Tidak. Ini untuk Aceh dan Sumut. Seperti yang saya katakan tadi. Jaringan interkoneksi. Listrik masuk ke pipa besar dan dialirkan untuk memenuhi kebutuhan kita semua. Bukan hanya Sumut.

Tapi kenyataannya, kita lebih sering mengalami pemadaman?

Di Aceh lebih banyak mengalami pemadaman karena jika Sumut yang padam, industri di sana bisa mogok. Sedangkan di Aceh kan lebih banyak rumah tangga, bukan industri.

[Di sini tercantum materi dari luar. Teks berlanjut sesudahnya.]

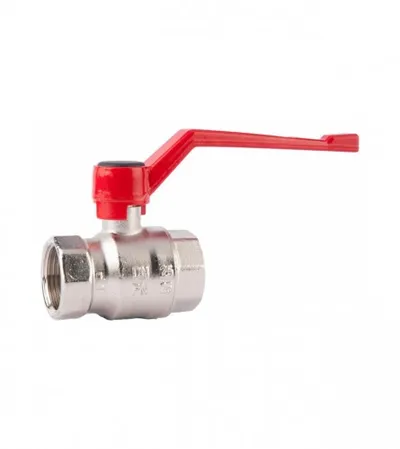 HERZ Ventil kugla 1/2" kv 2102 1121023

Masyarakat Aceh mengeluhkan hal ini, bagaimana solusinya?

Pemadaman yang terjadi belakangan ini bukan karena ketidakcukupan arus. Tapi karena kerusakan jaringan akibat gagalnya pembangkit listrik PLTU Nagan. Berbeda nanti jika kita sudah ada industri di Aceh. Itu yang harus kita pikirkan lagi. Aceh memiliki kapasitas listrik 270 MW. Kebutuhan kita 350 MW.

Soal pembangunan masjid raya yang kini menimbulkan persoalan, salah satunya soal efektifitas perangkat yang dibangun, biaya operasionalnya ke depan akan sangat besar menggunakan APBA. Apa yang akan Anda lakukan?

Jika ada kritik terhadap pembangunan, seharusnya dilakukan sejak awal sebelum dibangun.

Sudah banyak yang mengkritik sebelum pembangunan. Namun pemerintah tetap melanjutkan?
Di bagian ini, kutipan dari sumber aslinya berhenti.